* Recorded information:
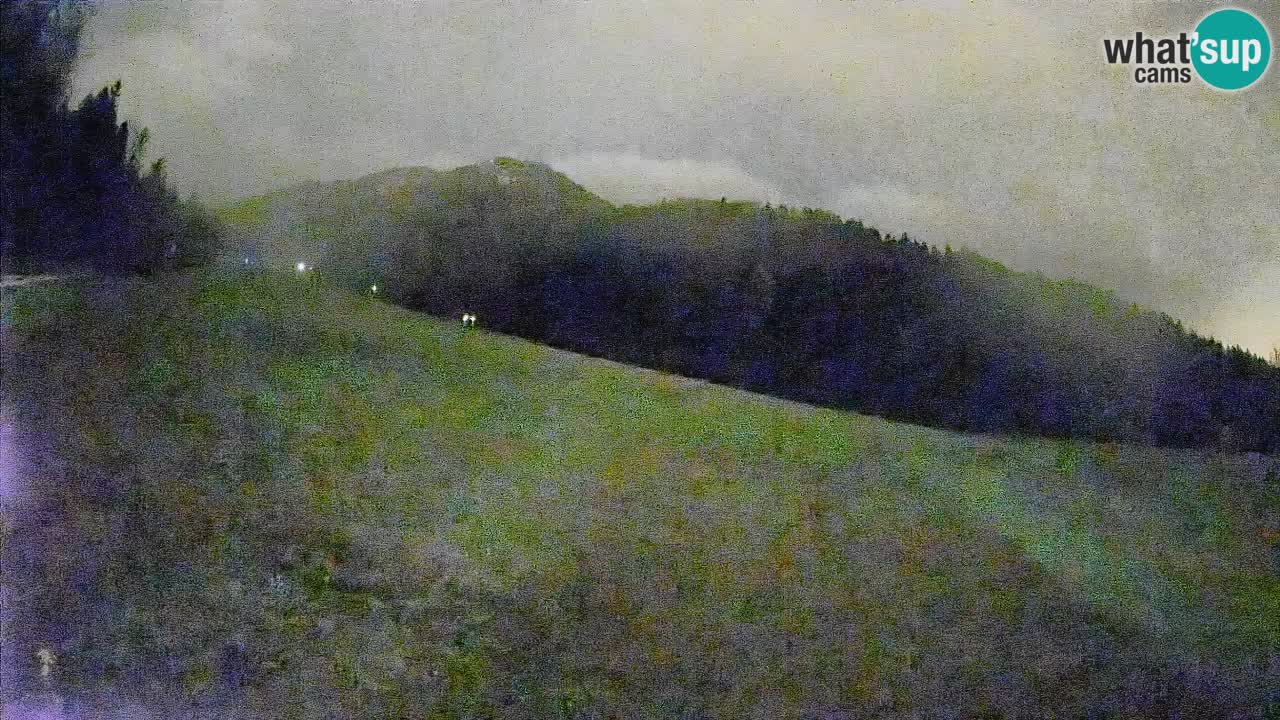 Esquí Kranjska Gora | Brsnina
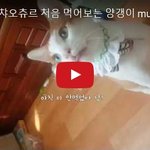 [대박이슈] [마약간식] 챠오<b>츄</b><b>르</b> 처음 먹어보는 양갱이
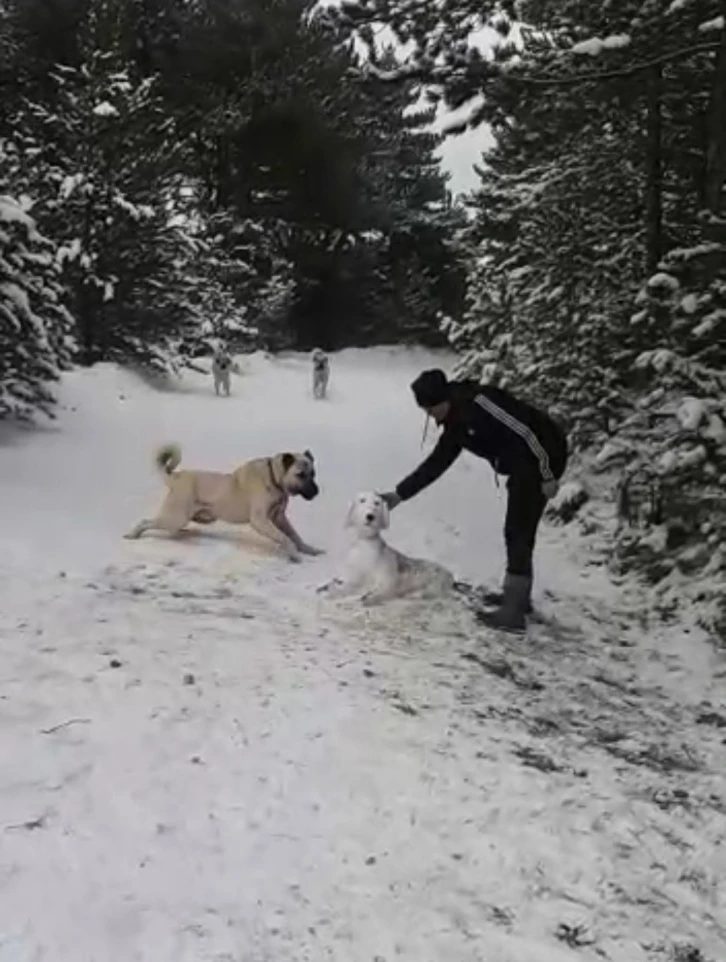 Kangal sahibinin yaptığı kardan köpeği kıskandı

* Brief: For every line above, produce an exact transcription that omits the images.

* Finished task:
 Esquí Kranjska Gora | Brsnina
 [대박이슈] [마약간식] 챠오<b>츄</b><b>르</b> 처음 먹어보는 양갱이
 Kangal sahibinin yaptığı kardan köpeği kıskandı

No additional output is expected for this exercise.